ROSATOM Western Europe presented Russia’s recent developments in nuclear fuel cycle and the approaches of ROSATOM towards cooperation in this domain at Les Entretiens Européens 2018 conference in Paris on October 18, 2018.
According to Andrey Rozhdestvin, CEO of ROSATOM Western Europe, the global nuclear industry needs to foster the international cooperation in the spheres of spent fuel and nuclear waste in order to handle the related challenges in an environmentally, socially and commercially viable way. He pointed out that the nuclear fuel cycle closure may become a new global endeavour for the nuclear industry players.
“ROSATOM is working to continually develop the technological base to provide a practical solution for the closure of the NFC with fast neutron reactors as the cornerstone of the NFC closure”, said Andrey Rozhdestvin. According to him, Russia is the only country that commercially operates two fast neutron reactors of large capacity - BN-600 and BN-800 - at Beloyarsk NPP and the works are underway to fully load the core of BN-800 reactor with MOX fuel in the future.
He shared the examples of cooperation between ROSATOM and the French nuclear industry companies. Together with FRAMATOME, TVEL Fuel Company of ROSATOM has been producing nuclear fuel from reprocessed uranium for the European reactors from 1996. Another example is the ongoing industrial cooperation with EDF aimed at recycling of the reprocessed uranium produced in France.

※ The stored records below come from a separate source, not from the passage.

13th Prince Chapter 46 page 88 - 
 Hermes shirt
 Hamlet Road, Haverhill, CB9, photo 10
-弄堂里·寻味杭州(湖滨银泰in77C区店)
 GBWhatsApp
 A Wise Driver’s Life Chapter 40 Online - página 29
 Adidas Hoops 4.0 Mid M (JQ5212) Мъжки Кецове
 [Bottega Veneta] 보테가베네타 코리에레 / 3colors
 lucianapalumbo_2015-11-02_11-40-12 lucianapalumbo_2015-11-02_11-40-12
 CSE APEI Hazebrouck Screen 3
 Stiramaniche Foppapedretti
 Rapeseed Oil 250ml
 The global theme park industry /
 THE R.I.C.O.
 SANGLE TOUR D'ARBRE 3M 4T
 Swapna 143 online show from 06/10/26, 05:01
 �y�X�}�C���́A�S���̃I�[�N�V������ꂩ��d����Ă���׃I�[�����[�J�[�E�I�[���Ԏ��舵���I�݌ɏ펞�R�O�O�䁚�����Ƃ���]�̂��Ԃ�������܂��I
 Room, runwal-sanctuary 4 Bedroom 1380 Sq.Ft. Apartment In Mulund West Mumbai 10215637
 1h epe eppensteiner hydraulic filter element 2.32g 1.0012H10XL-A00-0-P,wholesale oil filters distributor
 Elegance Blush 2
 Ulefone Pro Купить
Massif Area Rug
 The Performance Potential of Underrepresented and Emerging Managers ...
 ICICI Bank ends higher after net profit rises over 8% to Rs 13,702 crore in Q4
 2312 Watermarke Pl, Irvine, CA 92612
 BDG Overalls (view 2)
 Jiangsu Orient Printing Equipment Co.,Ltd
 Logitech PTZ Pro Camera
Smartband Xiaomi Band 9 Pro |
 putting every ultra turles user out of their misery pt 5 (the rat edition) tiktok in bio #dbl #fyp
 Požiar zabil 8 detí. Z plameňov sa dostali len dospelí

Andrey Rozhdestvin also emphasised that R&D projects executed at the international level can lay the groundwork for the NFC sustainability. For instance, ROSATOM is partnering with French Alternative Energies and Atomic Energy Commission to develop sodium fast reactors projects: MBIR in Russia and ASTRID in France.
Organised by ASCPE and supported by the European Commission, this year’s edition of Les Entretiens Européens is titled “Management of spent fuel and nuclear waste in Europe: solutions exist, they must be implemented”. It included hearings and roundtables that brought together more than 50 industrial, territorial and institutional actors in Europe and all over the world.